In this issue, Vukovic et al. develop a conditional genetic model to examine the impact of deletion of Hif-2α or both Hif-1α and Hif-2α at different stages of Meis1/Hoxa9- or MLL-AF9–driven leukemogenesis. The authors reveal that Hif-2α suppresses the development of LSCs but has no impact on AML propagation in a Meis1/Hoxa9-induced murine AML model. Hif-2α deletion accelerates LSC development but does not affect LSC maintenance of Mll-AF9–driven AML. The lack of requirement for Hif-2α in AML propagation was surprising; thus, the Kranc group used the recently available CRISPR-Cas9–mediated genome editing approach to determine the potential impact of HIF-2α ablation in human leukemic cells. HIF-2α ablation had no effect on human AML lines, including on cell cycle regulation. In the context of therapeutic targeting, they used BAY 87–2243, a compound able to impair HIF-1α and HIF-2α protein accumulation under hypoxic conditions, to show that inhibition of the HIF pathway has no effect on human AML cell survival or proliferation.

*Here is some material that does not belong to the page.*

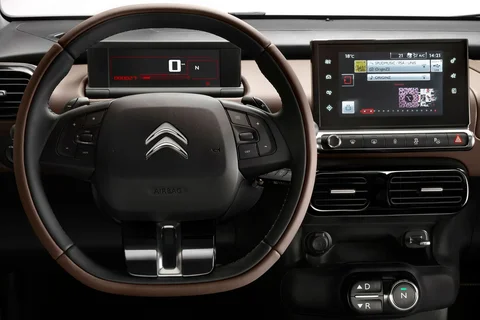 Citroen C4 Cactus BlueHDi 100 Live 2015 view 3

This study represents the first genetic evidence that Hif-2α may act as a tumor suppressor in AML development and/or initiation but is dispensable for LSC-based disease maintenance. Consistent with this idea, the authors show that Hif-1α and Hif-2α deletion promoted a gene expression signature that facilitated survival and proliferation of preleukemic cells and suggest that this is responsible for the selective effects of HIF pathway on leukemic initiation and not on AML established by LSC trasnplantation. Accordingly, this study questions the use of targeting HIFs in AML after critical events of leukemic initiation have occurred.
Before neglecting molecular or pharmacological targeting of HIF in AML, other caveats to these observations need to be explored. Like most drugs, the compound inhibitor used in this study, BAY 87–2243, has many modes of action, including the ability to affect mitochondrial functions. The importance of mitochondrial capacity and AML has been previously demonstrated by the Schimmer group, but it remains to be examined in a conditional deletion model similar to the one used by Vukovic et al. This may provide insights on the role of the HIF pathway and the metabolome of AML LSCs that have yet to be uncovered. Furthermore, as AML is a genetically heterogeneous cancer and is characterized by several molecular alterations, the current studies, like many recent reports for AML disease in vivo, are restricted to the Mll-AF9–Meis1/HoxA9–driven leukemia that represents only a fraction of human AMLs. Before any conclusions can be drawn, the role of HIFs and their pharmacological inhibition will need to be tested in other clinical models that capture the heterogeneity of patients and their response to chemotherapy. Mouse xenografts of human AML cells may serve as an experimental alternative to test the role of the HIF pathway in leukemia-initiating cells (LICs), using in vitro manipulation of the pathway to quantitatively determine the effects on frequency of transplanted human LICs from a diverse set of AML patients. Because HIFs are known to regulate SDF-1 in the BM niche, it would also be interesting to target this pathway in mice with established human AML and investigate the effect of the tumor microenvironment on LSC function in vivo.
Until then, distinguishing the effects on leukemia initiation versus maintenance by targeting the HIF pathway and demonstrating the selectivity for “preleukemic cells,” as opposed to normal HSCs, is where the low-hanging oxygen may lie in the treatment or prevention of AML.